# Any Yampa Dinosaur Obstructions or Strainers?



## utah2420 (May 21, 2008)

I am putting in the Yampa from Deerlodge to Split Mountain next week  and with the recent flooding I was wondering if anyone has ran it recently and is there any new obstructions or strainers we should know of? We have 18 people and 9 boats going with two of the boats being rookies in big water. Any input would be great.


----------



## peak (Apr 7, 2006)

haven't been down in years, but going next week also...my hunch is that at this point, all strainers will be floating downstream. but yea, better watch out for them next week, just after peak.

Those entire cottonwoods that sit submerged in the middle of the river with one little branch sticking out are particularly freeky...

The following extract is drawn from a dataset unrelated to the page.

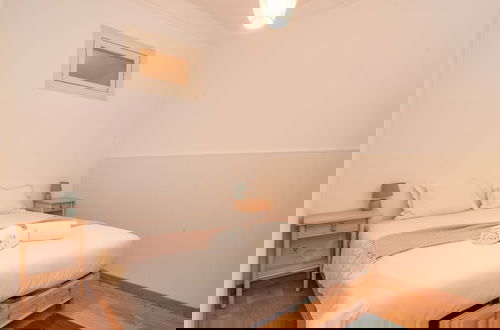 Photo 1 - Anjos' City Escape
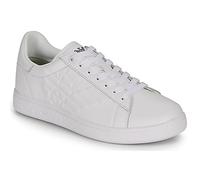Ea7 Emporio Armani Classic Trainers White EU 41 1/3 Man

I remember seeing an entire floating island (15'-30' square) of tangled driftwood moving downstream on the yampa about ten year ago at Deerlodge.

HIGHWATER EXCITMENT!!!


----------



## utah2420 (May 21, 2008)

*When are you going?*

We are putting in on the 29th, when are you going?



peak said:


> haven't been down in years, but going next week also...my hunch is that at this point, all strainers will be floating downstream. but yea, better watch out for them next week, just after peak.
> 
> Those entire cottonwoods that sit submerged in the middle of the river with one little branch sticking out are particularly freeky...
> 
> ...


----------



## danadog (Mar 18, 2005)

I just got off the Yampa on Sunday 
There were no obstructions that we noticed.
Now we did pass a few dead cows and a couple of elk floating in the eddies that are probably going to floating down stream with the water picking up again.
Have fun and enjoy!


----------



## BarryDingle (Mar 13, 2008)

I took off on the 12th,it was at flood stage when we went thru too. We flew! Ton's of wood was floating down with us but no strainers. Our beach at Box Elder(i believe it was) disappeared overnight. Warm Springs was pretty damn big,we had one veteran flip. Be ready to catch people and/or gear when those rookies go through.


----------



## skipig1 (Apr 21, 2008)

it's gonna be awsome! one way or another


----------